Simon Sigg presented initiatives in the city of Zürich, such as the collaboration with Project Restwert. It's all about finding a new home via Ricardo for perfectly good or even new and packaged items thrown away for incineration. Amongst other initiatives, they intend to use the SBB platform to enable city institutions that want to dispose of certain items, such as lamps and chairs, for example - offering them to institutions and offices that need them.

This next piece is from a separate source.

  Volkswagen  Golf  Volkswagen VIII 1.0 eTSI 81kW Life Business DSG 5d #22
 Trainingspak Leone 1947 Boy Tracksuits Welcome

Laia Meier shared some shocking numbers with us: 84% of the waste in Switzerland comes from the construction industry. However, there is a way to change this. The newest addition to the job type that she holds is Material Hunter. This person goes to demolition sites and salvages what can be used in another construction. The process involves referencing in a database and matching with existing requests of new projects that are consulted for design with reuse.
The long-term aim is to eventually have all new constructions catalogued in a database, which can be used in the future when the building is carefully disassembled. Furthermore, she advocates for a shift in mindset and ambition, urging the construction industry to adopt practices of circular design that facilitate easy deconstruction and the reuse of various components, a little bit like Lego blocks.

We interviewed Matthias Wüthrich, Co-Lead of Circular Economy Switzerland and Senior Project Manager at ecos, to further dive into circular economy.

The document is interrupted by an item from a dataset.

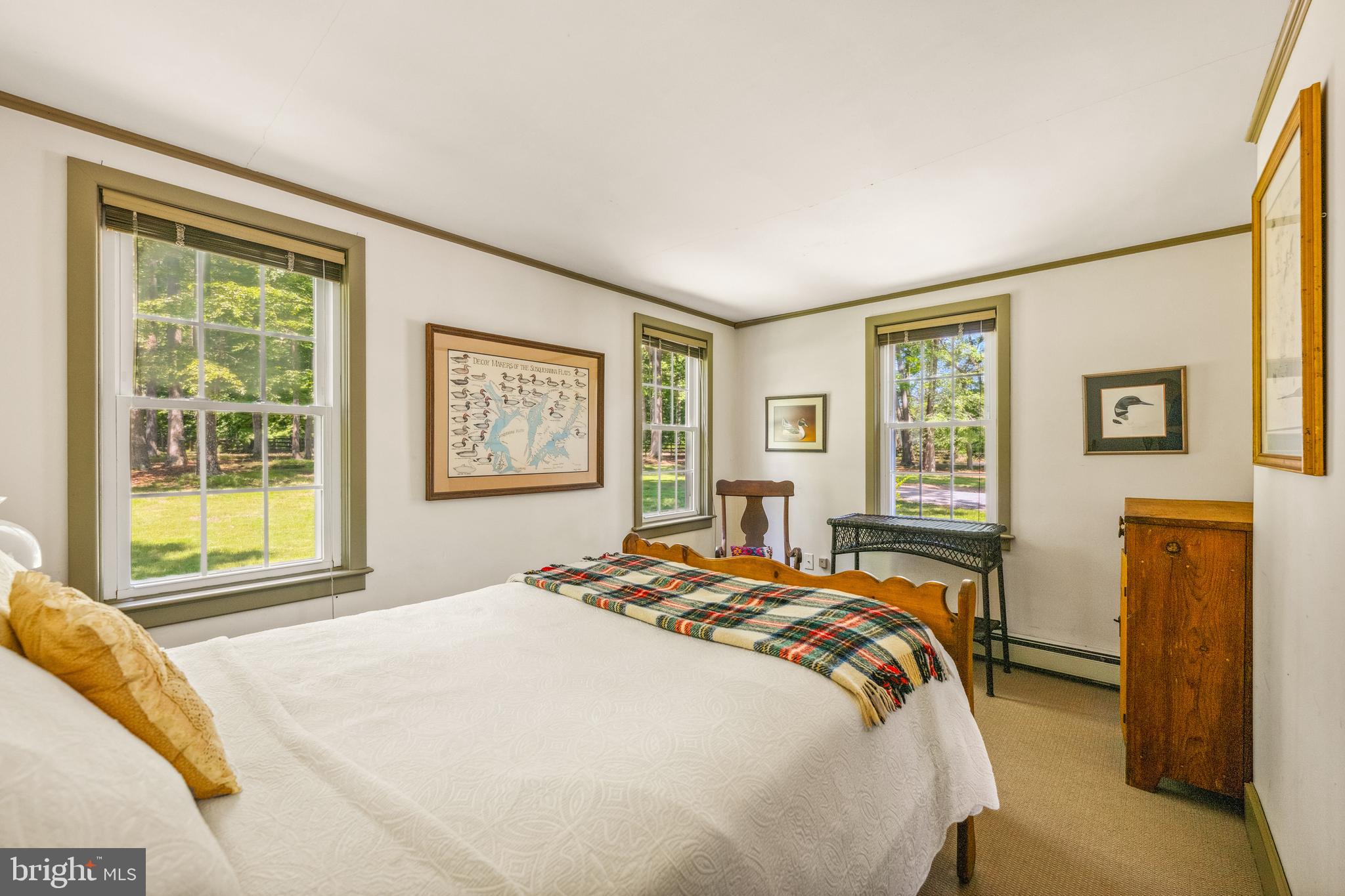 26867 MILES RIVER ROAD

What does an evening like this inspire you?
Circular economy is really about getting out of your comfort zone. People are trying to collaborate. This cannot happen isolated in your room or your own company. So you really have to get out and find new allies that are facing problems but also have specific solutions. And by working together, you can overcome these barriers. This economy is really about a new mindset and new business models. In the end, it is about a new way of collaborating.

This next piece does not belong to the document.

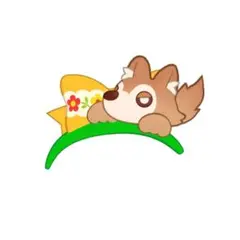 plt様 リクエスト 2点 まとめ商品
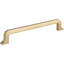 Callie Bar / Handle Pull-1670363748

How can a company like Liip help?
This is a knowledge-intensive activity, and this data must be stored, transported and transmitted in one way or another. Digital platforms and consultancies have a huge role to play to facilitate and even accelerate the process. It is a key. Also, many things have to be aligned in order to track items. It represents a lot of data management.
A good example is in the construction sector. We need to have a database with information about all the materials built into an infrastructure so that these materials can be identified and re-used once the infrastructure has reached its end of life. For example, steel beams in a building that face demolition - these beams can be saved and re-used in a new building, which is more ecological and -considering all the external costs that come with the production of new beams-economic too.

Which aspects of the circular economy are important to understand?
Circular economy is a trending topic with a lot of confusion and misunderstanding. It is not just recycling, it is much more than that. Therefore, there are many strategies and related inspiring business models that come with it. For example, one is that you treat the products as a service, like renting lighting services instead of owning bulbs and lamps. Or in the sharing economy: instead of owning a car, you rent mobility via car-sharing platforms. Also, in construction, projects like Zircular or Circular Hub work this way. The faster companies apply circular economy principles, the greater their competitive advantages will be.
I think we have many good examples, many good ideas, but the breakthrough and the becoming mainstream are still processing.

Are you an optimistic person?
Well, yes and no, because I see the challenges, climate change, and biodiversity losses. These are huge issues, and it seems that we are not on track. Even the accurate measurement and assessment of circular economy is a highly complex issue. But circular economy strategies provide us with toolboxes to be able to overcome the problems and to reach essential goals. So, yes I am a realistic optimist. In the end, it is not a question of whether it is happening or not, rather a question of how fast it is happening.

One last question: what should we do first thing tomorrow morning?
Have tea instead of coffee, shower a little shorter or maybe a little colder, take your bicycle to work and challenge your CEO to transition into a truly circular economy.